There has been a long growing void due to the last three Dance Gavin Dance albums that only grows further apparent the more this album devours me. Tilian brought the security to the bands financial future, but Mess has been tied down below deck barely able to influence the vessel. Matt and Will likewise have fallen into comfortable patterns, yet despite their recent creative stagnancy, they’re all still ridiculously talented musicians. The last Secret Band release proved that the band had the chops for hardcore, but what they’ve given us this time defies genres in the most refreshing sort of way. Diving from mathcore to post-hardcore to alt-rock to hardcore to really… anything they can think of, the crew splatters a canvas with a disturbingly cohesive coat of paint despite how violently every member is veering for dissonance. It all comes together in a creative blend of mastery that leaves the rest of the heavy scene looking dryer than a corpse in the Sahara.
Now, it wouldn’t be Secret Band without Mess’ absurdist gibberish, but despite its usual rhythmic and tonal wit there is a sense of clarity this time around on tracks like No One I Know or Do It Again. I’m unsure whether I’ve begun to develop Dementia or if Jon has begun to make sense while providing some of his most playfully quotable lyrics yet.
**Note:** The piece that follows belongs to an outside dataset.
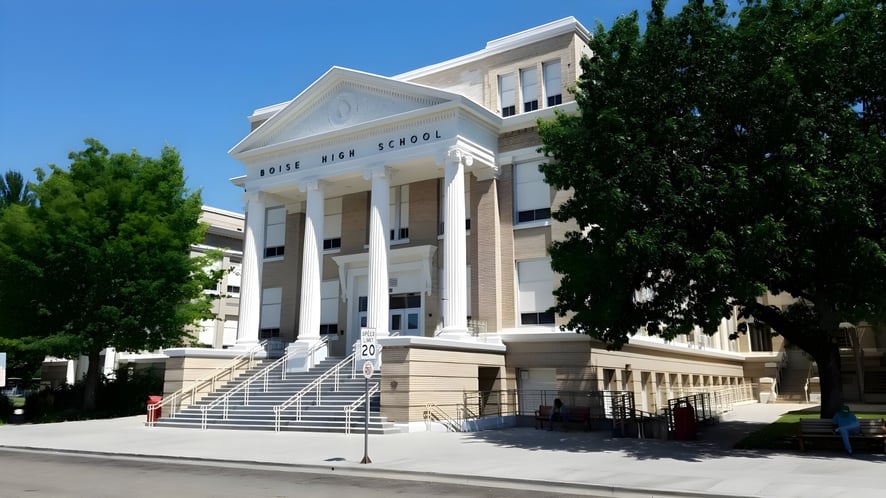 School Image - Boise School District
His voice has grown dramatically as well, and he’s effectively able to scream and sing simultaneously in such ways that put the vast majority of other harsh vocalists to shame. Surprisingly, there’s even a brief bit of clean vocals which effortlessly fit where they ought to.
The instrumentation is hard to classify, but it’s refreshing to see both Matt and Will given the true opportunity to experiment. The first Secret Band release was far more reminiscent of Dance Gavin Dance’s usual groovy sound, just a bit harder, but here they dive around a whole spectrum of speeds and genres in a meaty package that’s decisively more interesting than recent DGD outputs or even most of the -cores in general. Snippets of chaotic math-influence, crushing hardcore, grooving post-hardcore, and even alternative rock riffing finds it way into the mix at surprising yet organic moments. And by no surprise, the production is as balanced and clean as anything Will Swan has been with involved with.
It seems as if both of the Secret Band albums reflect their covers well. The first LP was an experiment in hardcore, and despite how carefree and vicious it was, there were occasionally glimmers of a messy underbelly that didn’t quite know what it wanted to be. This time around the vision has been realized in a much deeper blend that’s every bit as heavy, but infinitely more varied and cohesive. Mess and the gang are sailing on an oozing green ocean with a pirate ship built from absurdist fun, and that’s all that I could personally ask for from this side-project.